L’incidenza degli ematomi epidurali acuti rappresenta circa il 2-11% di tutte le lesioni cerebrali traumatiche segnalate (TBI), con una frequenza che sale al 15% tra tutti i pazienti deceduti a causa di TBI.
L’età media di insorgenza degli ematomi epidurali traumatici è compresa tra i 20 e i 30 anni. Le caratteristiche legate all’età nell’incidenza dell’ematoma epidurale acuto sono dovute a fattori anatomici: con l’avanzare dell’età, la dura madre si fonde più saldamente con le ossa del cranio, riducendo la probabilità di accumulo di sangue nello spazio epidurale.
La frequenza del trattamento chirurgico per gli ematomi epidurali acuti è del 56%.

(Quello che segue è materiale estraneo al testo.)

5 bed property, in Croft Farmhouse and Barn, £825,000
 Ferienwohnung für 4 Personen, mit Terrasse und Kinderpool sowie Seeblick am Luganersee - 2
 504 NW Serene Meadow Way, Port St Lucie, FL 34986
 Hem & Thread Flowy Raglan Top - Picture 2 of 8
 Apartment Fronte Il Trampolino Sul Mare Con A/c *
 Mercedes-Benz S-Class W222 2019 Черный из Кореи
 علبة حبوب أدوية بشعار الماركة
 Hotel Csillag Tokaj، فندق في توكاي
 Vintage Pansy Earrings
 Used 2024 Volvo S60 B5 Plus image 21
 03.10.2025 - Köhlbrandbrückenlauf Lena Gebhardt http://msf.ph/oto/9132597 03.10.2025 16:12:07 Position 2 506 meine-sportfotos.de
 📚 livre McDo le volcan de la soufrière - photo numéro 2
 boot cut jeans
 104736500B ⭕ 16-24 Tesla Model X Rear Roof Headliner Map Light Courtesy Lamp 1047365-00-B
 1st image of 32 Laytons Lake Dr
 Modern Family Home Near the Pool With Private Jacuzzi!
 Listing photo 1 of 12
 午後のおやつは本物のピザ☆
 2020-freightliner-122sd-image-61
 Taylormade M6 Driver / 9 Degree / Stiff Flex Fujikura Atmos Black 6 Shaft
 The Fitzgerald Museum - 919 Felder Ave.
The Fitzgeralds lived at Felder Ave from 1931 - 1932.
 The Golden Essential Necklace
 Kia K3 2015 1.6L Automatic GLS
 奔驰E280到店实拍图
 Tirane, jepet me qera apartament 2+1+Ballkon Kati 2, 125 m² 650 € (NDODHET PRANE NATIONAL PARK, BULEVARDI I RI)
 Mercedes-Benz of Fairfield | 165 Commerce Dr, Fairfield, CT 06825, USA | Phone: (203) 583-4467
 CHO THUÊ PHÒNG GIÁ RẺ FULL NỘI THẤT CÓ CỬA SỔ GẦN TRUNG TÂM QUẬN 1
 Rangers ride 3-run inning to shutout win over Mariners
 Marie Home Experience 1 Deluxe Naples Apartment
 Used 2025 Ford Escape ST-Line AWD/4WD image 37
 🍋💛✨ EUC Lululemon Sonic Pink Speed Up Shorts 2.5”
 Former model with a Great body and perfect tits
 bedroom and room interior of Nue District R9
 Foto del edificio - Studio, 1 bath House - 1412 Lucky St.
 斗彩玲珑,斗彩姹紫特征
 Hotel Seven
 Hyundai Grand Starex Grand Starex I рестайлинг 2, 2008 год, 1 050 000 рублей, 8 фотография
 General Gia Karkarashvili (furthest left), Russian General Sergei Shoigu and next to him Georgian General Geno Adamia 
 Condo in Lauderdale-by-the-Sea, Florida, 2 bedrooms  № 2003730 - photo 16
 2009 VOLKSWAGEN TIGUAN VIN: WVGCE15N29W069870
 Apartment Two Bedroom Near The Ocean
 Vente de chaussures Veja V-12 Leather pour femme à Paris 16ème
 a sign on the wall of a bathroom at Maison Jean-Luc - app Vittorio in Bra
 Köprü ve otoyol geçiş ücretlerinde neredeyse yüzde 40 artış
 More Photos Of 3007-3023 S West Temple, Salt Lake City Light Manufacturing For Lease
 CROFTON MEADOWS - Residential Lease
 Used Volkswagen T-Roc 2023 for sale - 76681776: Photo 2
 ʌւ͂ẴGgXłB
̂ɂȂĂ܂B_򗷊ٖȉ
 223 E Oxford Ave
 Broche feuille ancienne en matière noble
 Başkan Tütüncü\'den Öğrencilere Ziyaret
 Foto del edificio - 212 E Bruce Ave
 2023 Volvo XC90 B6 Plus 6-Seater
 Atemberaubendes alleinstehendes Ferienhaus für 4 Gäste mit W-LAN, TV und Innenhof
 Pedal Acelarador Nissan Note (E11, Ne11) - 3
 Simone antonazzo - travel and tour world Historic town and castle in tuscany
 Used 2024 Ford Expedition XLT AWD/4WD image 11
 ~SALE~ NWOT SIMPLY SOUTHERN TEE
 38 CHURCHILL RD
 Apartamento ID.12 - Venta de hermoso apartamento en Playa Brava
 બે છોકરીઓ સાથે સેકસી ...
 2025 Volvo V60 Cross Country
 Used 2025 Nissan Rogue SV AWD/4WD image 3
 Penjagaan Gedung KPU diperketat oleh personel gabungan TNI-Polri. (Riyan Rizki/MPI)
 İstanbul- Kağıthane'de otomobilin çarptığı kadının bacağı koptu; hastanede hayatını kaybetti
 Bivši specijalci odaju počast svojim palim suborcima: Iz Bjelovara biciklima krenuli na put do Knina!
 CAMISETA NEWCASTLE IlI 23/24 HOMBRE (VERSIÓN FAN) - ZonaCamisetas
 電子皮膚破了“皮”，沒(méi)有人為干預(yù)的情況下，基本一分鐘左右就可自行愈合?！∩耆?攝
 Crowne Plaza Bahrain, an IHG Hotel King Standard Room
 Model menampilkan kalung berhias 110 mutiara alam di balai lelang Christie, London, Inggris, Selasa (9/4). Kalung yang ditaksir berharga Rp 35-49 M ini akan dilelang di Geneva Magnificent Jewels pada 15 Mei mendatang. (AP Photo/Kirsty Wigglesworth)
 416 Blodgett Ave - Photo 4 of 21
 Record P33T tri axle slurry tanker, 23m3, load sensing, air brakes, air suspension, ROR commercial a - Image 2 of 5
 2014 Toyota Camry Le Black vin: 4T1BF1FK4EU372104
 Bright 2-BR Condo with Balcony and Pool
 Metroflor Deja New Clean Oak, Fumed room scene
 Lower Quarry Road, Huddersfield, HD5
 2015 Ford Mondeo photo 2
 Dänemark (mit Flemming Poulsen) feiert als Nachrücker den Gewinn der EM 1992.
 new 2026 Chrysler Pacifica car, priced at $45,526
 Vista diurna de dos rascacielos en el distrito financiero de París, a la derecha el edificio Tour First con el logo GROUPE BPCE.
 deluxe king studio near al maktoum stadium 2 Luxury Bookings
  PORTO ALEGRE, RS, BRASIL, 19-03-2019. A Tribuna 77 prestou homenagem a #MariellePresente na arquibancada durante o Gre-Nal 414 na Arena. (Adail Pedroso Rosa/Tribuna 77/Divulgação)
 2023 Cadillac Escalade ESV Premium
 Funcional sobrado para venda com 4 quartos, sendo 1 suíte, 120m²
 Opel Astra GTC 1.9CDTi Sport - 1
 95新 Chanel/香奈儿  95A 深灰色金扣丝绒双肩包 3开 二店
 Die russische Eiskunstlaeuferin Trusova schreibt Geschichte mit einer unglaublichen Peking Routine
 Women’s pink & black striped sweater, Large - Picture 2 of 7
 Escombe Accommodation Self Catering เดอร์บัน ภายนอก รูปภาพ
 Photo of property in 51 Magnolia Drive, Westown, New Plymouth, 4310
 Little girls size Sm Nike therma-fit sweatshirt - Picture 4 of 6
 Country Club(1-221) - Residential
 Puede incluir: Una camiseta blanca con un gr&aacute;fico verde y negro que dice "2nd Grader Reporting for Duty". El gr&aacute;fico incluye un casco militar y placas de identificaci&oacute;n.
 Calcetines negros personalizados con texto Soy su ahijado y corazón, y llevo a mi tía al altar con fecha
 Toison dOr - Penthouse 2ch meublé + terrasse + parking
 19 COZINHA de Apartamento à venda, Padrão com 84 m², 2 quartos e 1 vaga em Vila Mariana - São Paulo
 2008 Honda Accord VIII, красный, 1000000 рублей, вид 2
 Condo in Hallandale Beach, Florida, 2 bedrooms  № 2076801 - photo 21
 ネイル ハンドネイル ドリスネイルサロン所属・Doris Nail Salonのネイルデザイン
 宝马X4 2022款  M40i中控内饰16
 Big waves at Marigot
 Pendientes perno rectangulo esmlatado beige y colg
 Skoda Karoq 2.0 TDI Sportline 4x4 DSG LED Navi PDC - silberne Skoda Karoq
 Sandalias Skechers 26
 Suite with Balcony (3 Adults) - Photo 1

Eziologia degli ematomi epidurali traumatici
I fattori eziologici nello sviluppo di ematomi epidurali traumatici includono le stesse cause che sono alla base dell’insorgenza della lesione cerebrale traumatica:
Incidenti stradali;
Cadute;
Lesioni gravi;
Infortuni sportivi.
Oltre la metà di tutti i fattori eziologici che causano ematomi epidurali acuti sono proprio gli incidenti stradali.
Patogenesi degli ematomi epidurali traumatici acuti
La patogenesi degli ematomi epidurali acuti è caratterizzata da un meccanismo di contraccolpo, che classifica questo tipo di lesione cerebrale traumatica come focale. Nel corso dell’applicazione dell’agente traumatico alle ossa rigide della volta cranica, si verifica una deformazione, che, con un alto livello di energia cinetica, provoca fratture delle ossa craniche, lacerazioni dei vasi sanguigni nella dura madre (di solito l’arteria meningea media), lacerazioni delle pareti dei seni durali ed emorragie continue nello spazio epidurale.
Nella maggior parte dei casi, gli ematomi epidurali si formano quando un agente traumatico viene applicato alla regione temporale (circa il 75% di tutti gli ematomi epidurali acuti) a causa di due fattori:
La presenza di una sottile squama dell’osso temporale, che è facilmente soggetta a fratture a causa della sua scarsa resistenza;
Il passaggio dell’arteria meningea media in quest’area, che viene danneggiata dalle fratture della squama dell’osso temporale, portando a un’emorragia arteriosa attiva che poi distacca la dura madre dalle ossa craniche.
Ematoma epidurale con localizzazione basotemporale: modello 3D
Circa il 10% di tutti gli ematomi epidurali acuti si forma a causa della rottura dei seni durali e del conseguente sanguinamento da queste strutture anatomiche.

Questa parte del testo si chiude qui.